現在も進行形で行われている、靖国神社境内での『奉納プロレス』も異彩を放つ。

「明治以降の日本の戦争・内戦において政府・朝廷側で戦歿した軍人らを祀る神社」とされる靖国神社(同神社ホームページより)。1910年には相撲場でプロレス興行がおこなわれた歴史もあり、プロレスの聖地としても位置づけられている。

 また力道山の日本プロレスが1961年4月23日に開催した実績があった。それを2005年4月10日プロレスリングZERO1-MAX(現ZERO1)が『大和神州ちから祭り』として復活させ、現在も年1回ペースで開催されている。
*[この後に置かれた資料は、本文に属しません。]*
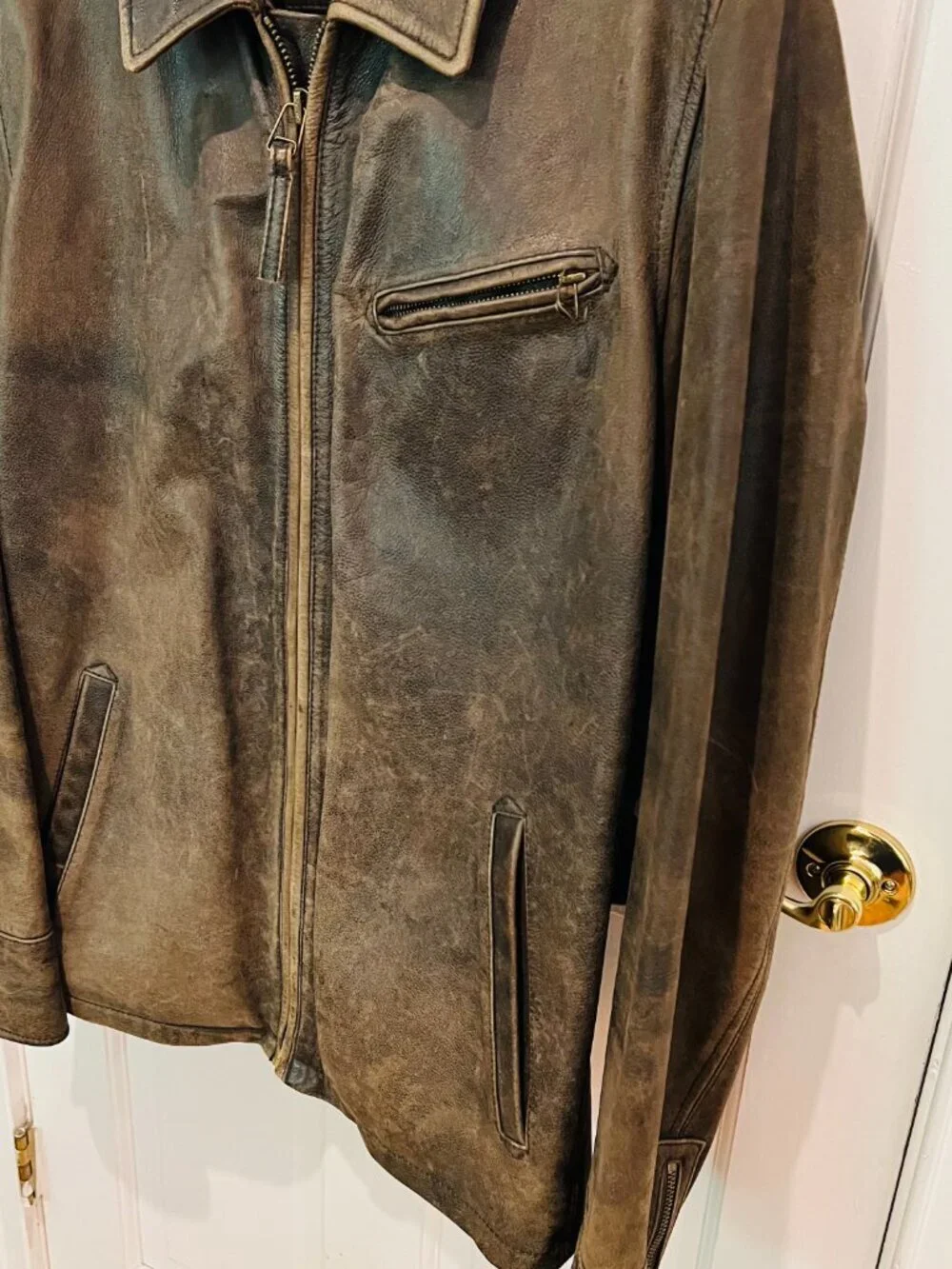 VINTAGE Eddie Bauer Distressed Heavy Leather Jacket Coat Mens TXL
 靖国神社大会には大物ゲストが登場することでも話題になる。

 2019年10月26日『靖国神社創設150年記念奉納プロレス』では、猪木が特別ゲストとして登場した。

 ZERO-1産みの親である橋本真也とライバルだった小川直也や元横綱・曙太郎が現れたのも記憶に新しい。
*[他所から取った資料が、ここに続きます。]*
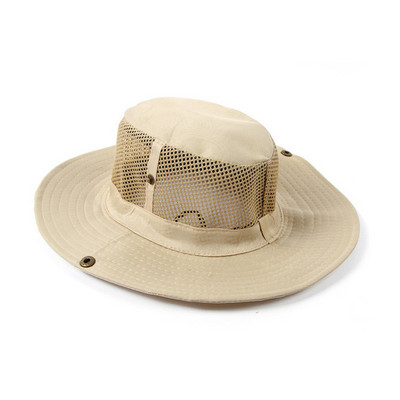 Καπέλο κουβά Fahsion για άνδρες Γυναικείο Καλοκαιρινό μονόχρωμο διχτυωτό καπέλο ψαρέματος με φαρδύ γείσο Anti-UV Καπέλο για τον ήλιο παραλίας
 今年は3月29日開催予定だったが、新型コロナウイルスの影響で11月3日への延期が決定した。ちなみに当日は格闘王・前田日明の来場が発表されており注目される。

 巌流島大会は海からの強烈な風が特徴的。映像を通じても感じられるほどの強風が、戦いの世界をより殺伐としたものに感じさせた。

 そして春先に開催されることの多い靖国神社大会。日本有数の桜の名所での試合は時折、桜が舞い散り幻想的な風景にも包まれる。

 我が国の歴史や四季を感じられる2会場での試合は、結果や内容とともに場所のインパクトも絶大だった。今後も想像を超える場所でのプロレス開催に期待したい。これもプロレスの醍醐味の1つだ。(文・山岡則夫)

●プロフィール
山岡則夫/1972年島根県出身。千葉大学卒業後、アパレル会社勤務などを経て01年にInnings,Co.を設立、雑誌『Ballpark Time!』を発刊。現在はBallparkレーベルとして様々な書籍、雑誌を企画、編集・製作するほか、多くの雑誌、書籍、ホームページ等に寄稿している。Ballpark Time!公式ページ、facebook(Ballpark Time)に取材日記を不定期更新中。現在の肩書きはスポーツスペクテイター。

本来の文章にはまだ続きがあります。